Canonical Correlation Analysis on Wines

Load the course library

library(R4SPISE2022)

Load the data

With the following command

data("winesOf3Colors", package = "data4PCCAR")

More information on the dataset is available on the corresponding vignette: vignette("A3_DataWines").

Two tables with descriptors and other supplementary information

descr <- winesOf3Colors$winesDescriptors %>% 
    select(origin, color, varietal)
suppl <- winesOf3Colors$winesDescriptors %>% 
    select(Price)
chemi <- winesOf3Colors$winesDescriptors %>% 
    select(Acidity, Alcohol, Sugar, Tannin)
senso <- winesOf3Colors$winesDescriptors %>% 
    select(fruity, floral, vegetal, 
           spicy, woody, sweet, astringent, 
           hedonic)

Two data tables

First table: chemical data (chemi) that includes acidity, alcohol, sugar, and tannin.
Second table: sensory data (senso) that includes fruity, floral, vegetal, spicy, woody, sweet, astringent, and hedonic.

Descriptors and supplementary variable

Descriptors: origin, color and varietal.
Supplementary variables: Price.

Run Canonical Correlation Analysis (CCA) on the two tables

res.cca <- tepCCA(chemi, senso, DESIGN = descr$color, graphs = FALSE)

The default of this function will center (to have means equal 0) and scale (to have the sums of squares equal 1) all variables in both data tables.

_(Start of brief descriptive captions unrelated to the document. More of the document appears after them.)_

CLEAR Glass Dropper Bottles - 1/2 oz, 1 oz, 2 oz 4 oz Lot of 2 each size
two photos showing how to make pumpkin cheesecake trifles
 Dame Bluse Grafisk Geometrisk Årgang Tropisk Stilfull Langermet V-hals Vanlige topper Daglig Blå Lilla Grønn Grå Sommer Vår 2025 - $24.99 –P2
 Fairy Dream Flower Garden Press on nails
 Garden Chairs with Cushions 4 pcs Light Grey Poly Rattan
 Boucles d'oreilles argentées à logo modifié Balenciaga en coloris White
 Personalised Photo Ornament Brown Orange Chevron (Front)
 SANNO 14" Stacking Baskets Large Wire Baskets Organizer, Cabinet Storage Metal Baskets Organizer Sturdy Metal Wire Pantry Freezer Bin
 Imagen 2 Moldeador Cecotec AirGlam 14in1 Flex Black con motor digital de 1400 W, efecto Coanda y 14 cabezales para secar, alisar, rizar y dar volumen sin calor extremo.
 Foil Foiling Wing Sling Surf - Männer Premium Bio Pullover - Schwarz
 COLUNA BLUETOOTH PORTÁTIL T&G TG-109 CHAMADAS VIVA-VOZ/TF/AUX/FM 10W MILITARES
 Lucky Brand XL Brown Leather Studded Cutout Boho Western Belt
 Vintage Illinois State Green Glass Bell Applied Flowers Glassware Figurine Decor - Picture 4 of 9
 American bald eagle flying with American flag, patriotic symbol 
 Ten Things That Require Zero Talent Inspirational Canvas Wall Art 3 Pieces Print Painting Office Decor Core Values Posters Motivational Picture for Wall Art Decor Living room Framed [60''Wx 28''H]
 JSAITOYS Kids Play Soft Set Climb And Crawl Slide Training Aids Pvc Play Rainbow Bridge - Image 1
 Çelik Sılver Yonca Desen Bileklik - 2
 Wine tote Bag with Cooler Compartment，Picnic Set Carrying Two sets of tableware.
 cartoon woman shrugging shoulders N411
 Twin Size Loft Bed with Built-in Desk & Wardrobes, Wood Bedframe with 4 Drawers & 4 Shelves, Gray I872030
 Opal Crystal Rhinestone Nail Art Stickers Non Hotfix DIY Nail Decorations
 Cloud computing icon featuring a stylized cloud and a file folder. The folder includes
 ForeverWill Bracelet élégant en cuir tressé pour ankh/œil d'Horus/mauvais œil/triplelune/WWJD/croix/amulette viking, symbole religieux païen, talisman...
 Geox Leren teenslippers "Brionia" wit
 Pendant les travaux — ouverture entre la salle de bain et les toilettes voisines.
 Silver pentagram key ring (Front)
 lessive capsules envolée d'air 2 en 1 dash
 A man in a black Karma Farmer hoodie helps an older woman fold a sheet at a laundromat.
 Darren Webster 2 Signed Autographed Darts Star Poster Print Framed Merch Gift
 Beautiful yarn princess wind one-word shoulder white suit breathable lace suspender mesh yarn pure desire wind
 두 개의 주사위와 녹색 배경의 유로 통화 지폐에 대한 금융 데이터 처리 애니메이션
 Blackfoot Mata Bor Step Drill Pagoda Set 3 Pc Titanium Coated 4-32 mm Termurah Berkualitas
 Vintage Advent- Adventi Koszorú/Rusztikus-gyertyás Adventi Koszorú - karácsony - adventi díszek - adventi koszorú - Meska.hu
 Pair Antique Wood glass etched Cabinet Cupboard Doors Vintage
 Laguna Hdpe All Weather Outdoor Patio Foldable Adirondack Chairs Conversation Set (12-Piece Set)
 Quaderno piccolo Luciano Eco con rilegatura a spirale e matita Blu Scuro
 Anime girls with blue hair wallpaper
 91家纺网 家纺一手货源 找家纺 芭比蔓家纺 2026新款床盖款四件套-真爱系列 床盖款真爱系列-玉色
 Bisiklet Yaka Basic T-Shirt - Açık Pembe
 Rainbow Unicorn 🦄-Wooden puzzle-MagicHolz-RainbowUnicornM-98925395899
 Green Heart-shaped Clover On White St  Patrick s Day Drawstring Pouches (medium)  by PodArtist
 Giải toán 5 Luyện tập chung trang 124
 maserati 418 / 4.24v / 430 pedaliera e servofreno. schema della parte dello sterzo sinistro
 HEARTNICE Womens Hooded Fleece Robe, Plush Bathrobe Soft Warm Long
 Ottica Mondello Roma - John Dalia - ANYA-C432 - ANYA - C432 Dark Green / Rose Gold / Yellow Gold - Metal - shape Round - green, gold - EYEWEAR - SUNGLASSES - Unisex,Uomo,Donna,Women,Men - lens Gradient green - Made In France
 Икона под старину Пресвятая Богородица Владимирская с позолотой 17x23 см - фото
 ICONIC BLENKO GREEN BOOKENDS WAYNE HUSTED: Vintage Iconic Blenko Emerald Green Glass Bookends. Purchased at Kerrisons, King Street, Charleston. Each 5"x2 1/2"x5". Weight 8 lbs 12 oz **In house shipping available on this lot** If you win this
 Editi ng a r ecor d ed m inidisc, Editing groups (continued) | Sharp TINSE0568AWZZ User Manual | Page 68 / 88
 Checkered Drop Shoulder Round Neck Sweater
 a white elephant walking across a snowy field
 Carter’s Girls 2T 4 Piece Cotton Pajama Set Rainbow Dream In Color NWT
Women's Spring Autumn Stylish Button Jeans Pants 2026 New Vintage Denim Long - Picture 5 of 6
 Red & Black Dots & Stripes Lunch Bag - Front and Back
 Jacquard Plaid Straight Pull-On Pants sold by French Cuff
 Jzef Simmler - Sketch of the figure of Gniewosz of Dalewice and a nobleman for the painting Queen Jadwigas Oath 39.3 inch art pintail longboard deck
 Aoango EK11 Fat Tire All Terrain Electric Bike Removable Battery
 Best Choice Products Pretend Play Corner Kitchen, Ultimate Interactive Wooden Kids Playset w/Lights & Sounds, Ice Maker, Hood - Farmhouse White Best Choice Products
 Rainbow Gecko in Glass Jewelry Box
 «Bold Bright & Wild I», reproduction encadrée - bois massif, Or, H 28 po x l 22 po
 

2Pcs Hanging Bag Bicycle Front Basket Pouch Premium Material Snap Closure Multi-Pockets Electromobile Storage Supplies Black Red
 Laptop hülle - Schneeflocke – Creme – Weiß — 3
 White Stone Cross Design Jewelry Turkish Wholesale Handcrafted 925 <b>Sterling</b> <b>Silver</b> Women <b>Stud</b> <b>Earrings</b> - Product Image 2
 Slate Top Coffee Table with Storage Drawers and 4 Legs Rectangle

The argument DESIGN indicates the groups of the observations and change how the observations are colored in the figures (when graphs = TRUE), but it does not change the results of CCA.

Generate the figures

## You might need to load these packages if the error is saying that it couldn't find some functions
# library(PTCA4CATA) 
# library(data4PCCAR)
res.cca.plot <- TTAplot(
    res = res.cca, # Output of tepPLS
    color.obs = wineColors, # <optional> colors of wines
    color.tab = varColors, # <optional> colors of the two tables
    tab1.name = "Chemical data", # <optional> Name of Table 1 (for printing)
    tab2.name = "Sensory data", # <optional> Name of Table 2 (for printing)
    DESIGN = descr$color, # design for the wines
    tab1 = chemi,  # First data table
    tab2 = senso)  # Second data table

In this TTAplot function, if DESIGN is specified. The latent variables will be colored according to the groups of the observations with the group means and their 95% bootstrap confidence intervals.

Correlation between the two tables

We can check the data by plotting first the correlation matrix between the two data sets. This correlation matrix is where the dimensions are extracted.

res.cca.plot$results.graphs$heatmap.rxy

Scree plot

The scree plot shows the eigenvalues of each dimension. These eigenvalues give the squared correlation (\(R^2\) = 0.9497911) of each pair of latent variables. In other words, the singular values, which are the square root of the eigenvalues, give the correlation (\(r\) = 0.9745723) of these pairs of latent variables. The sum of the eigenvalues is equal to the sum of the squared correlation between all variables in both tables.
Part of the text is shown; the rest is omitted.